- [PROBLEM DETAILS]
Since the pictures are not wanted, retype the listing below exactly and without them.

- [RECORDED INFORMATION]
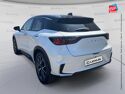 Véhicule d'occasion LEXUS LBX 1.5 136CH COOL 2WD MY26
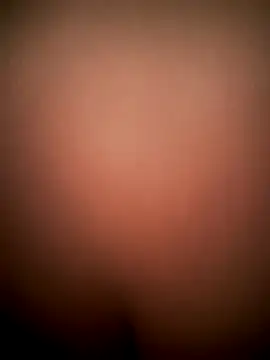 Livvyrj online show from 27, 2, 2025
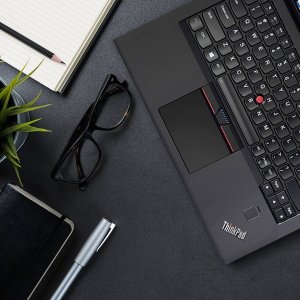 ThinkPad 商务双雄 X系 T系 感恩节良心6.5折优惠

- [WRITTEN ANSWER]
 Véhicule d'occasion LEXUS LBX 1.5 136CH COOL 2WD MY26
 Livvyrj online show from 27, 2, 2025
 ThinkPad 商务双雄 X系 T系 感恩节良心6.5折优惠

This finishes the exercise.